Call a set elementary if it is a finite union of boxes. Clearly, elementary sets are Jordan measurable. Suppose $E$ is Jordan measurable. The measure of each elementary set contained in $E$ is less than the lower integral of the characteristic function of $E$. So, the supremum of the measures of all elementary sets contained in $E$ (called the Inner Jordan measure of $E$) is less than the lower integral of the characteristic function of $E$. Similarly, the infimum of the measures of all elementary sets containing $E$ (called the Outer Jordan measure of $E$) is greater than the upper integral of the characteristic function of $E$. So, if the inner and outer Jordan measure of $E$ are equal then $E$ is Jordan measurable.
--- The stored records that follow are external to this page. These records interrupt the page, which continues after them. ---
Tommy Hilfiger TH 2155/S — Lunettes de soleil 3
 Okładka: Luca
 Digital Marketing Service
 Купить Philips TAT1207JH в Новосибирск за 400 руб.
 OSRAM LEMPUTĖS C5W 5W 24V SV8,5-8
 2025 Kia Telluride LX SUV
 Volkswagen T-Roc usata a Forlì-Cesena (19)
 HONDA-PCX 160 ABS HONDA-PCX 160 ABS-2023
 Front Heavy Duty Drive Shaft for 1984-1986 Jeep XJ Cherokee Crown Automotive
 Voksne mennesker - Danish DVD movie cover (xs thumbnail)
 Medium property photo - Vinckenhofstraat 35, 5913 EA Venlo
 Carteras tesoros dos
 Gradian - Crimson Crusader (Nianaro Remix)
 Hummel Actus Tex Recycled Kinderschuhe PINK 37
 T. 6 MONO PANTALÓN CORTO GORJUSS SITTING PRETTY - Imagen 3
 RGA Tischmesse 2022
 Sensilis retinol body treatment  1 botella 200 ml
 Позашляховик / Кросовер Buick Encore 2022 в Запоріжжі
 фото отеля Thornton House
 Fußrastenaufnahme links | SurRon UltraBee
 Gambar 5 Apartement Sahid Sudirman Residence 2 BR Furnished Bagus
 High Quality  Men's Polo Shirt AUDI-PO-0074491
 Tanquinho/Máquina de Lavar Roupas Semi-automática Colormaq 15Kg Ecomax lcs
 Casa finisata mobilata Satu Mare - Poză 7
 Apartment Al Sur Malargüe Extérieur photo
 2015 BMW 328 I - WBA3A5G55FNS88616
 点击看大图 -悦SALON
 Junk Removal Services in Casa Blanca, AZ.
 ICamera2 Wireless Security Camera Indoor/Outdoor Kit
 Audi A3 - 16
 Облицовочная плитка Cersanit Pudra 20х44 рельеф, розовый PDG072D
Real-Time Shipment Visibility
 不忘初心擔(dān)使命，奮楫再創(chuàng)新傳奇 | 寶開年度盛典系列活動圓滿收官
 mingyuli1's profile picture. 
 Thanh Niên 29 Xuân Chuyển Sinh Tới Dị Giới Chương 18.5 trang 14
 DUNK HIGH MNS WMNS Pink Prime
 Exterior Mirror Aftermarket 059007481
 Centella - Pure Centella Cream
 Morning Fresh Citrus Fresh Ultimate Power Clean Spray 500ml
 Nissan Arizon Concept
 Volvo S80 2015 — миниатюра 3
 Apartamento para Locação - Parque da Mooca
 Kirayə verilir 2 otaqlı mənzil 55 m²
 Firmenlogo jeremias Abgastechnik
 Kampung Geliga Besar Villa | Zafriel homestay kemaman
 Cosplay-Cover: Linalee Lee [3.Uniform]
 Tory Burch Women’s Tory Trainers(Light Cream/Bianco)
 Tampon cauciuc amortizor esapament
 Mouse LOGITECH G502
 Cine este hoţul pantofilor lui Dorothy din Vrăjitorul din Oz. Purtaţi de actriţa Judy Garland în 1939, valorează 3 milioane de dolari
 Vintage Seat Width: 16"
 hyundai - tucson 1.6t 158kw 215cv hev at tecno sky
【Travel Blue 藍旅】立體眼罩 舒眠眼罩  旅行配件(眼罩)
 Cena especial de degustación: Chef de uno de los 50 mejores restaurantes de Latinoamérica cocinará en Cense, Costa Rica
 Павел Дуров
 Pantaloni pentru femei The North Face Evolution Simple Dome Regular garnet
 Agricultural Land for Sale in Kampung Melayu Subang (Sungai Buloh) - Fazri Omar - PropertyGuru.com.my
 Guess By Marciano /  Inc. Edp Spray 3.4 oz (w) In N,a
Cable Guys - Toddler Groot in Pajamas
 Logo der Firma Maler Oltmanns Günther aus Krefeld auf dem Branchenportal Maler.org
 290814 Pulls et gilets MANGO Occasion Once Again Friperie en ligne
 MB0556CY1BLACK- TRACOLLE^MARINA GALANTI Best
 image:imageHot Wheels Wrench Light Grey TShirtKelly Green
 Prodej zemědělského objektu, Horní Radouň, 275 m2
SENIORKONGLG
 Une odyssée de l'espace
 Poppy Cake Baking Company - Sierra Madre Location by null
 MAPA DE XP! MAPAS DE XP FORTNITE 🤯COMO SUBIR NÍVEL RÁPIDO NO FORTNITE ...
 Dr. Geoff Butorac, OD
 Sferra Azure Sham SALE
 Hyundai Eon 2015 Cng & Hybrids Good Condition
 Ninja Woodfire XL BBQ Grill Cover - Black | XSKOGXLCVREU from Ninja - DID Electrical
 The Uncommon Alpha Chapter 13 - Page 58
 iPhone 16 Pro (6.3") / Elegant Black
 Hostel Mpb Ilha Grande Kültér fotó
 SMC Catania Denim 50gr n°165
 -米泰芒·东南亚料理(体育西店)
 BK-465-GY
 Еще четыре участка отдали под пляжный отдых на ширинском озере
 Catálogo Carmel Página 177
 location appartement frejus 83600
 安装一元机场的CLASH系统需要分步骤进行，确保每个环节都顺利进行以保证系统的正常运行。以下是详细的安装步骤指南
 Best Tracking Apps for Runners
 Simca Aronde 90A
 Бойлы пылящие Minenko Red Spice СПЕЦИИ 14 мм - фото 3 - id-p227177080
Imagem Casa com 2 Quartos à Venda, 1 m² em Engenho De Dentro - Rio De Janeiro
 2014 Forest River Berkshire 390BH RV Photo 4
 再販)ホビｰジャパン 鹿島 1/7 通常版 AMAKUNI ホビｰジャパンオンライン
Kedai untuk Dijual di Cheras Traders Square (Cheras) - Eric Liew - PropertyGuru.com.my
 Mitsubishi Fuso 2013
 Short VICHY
Conversely, if $E$ is Jordan measurable, then we have a partition for which the upper and lower sums of the characteristic function of $E$ are arbitrarily close. Let $T$ be the union of the boxes of this partition which intersect $E$, and let $S$ be the union of the boxes of this partition which are contained in $E$. The measures of $T$ and $S$ are nothing but the upper and lower sum respectively, so the measure of $T$ and measure of $S$ are arbitrarily close, which means the inner Jordan measure and the outer Jordan measure are equal, and equal to the Jordan measure of $E$.
Coming back to our disjoint Jordan measurable sets $A$ and $B$, we see that the Jordan outer measure of $Acup B$ is not more than the sum of Jordan measures of $A$ and $B$, since we can have elementary sets containing $A$ and $B$ whose measures are arbitrarily close to the Jordan measures of $A$ and $B$, and the union of these elementary sets has measure less than or equal to the sum of their measures.
We can also have elementary sets contained in $A$ and $B$ whose measures are arbitrarily close to the Jordan measures of $A$ and $B$, and the union of these elementary sets has measure equal to the sum of their measures (here we use the fact that $A$ and $B$ are disjoint, and that disjoint elementary sets are seperable). So, the inner Jordan measure of $A cup B$ is not less than the sum of Jordan measures of $A$ and $B$.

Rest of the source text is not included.